■ **Your objective**: Nothing should be omitted: restate the full listing word for word.

== Exercise data

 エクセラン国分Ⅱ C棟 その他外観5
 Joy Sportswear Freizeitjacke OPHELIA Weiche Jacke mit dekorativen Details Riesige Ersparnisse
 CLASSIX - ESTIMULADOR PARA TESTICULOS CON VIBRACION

====

■ **Reply**:
 エクセラン国分Ⅱ C棟 その他外観5
 Joy Sportswear Freizeitjacke OPHELIA Weiche Jacke mit dekorativen Details Riesige Ersparnisse
 CLASSIX - ESTIMULADOR PARA TESTICULOS CON VIBRACION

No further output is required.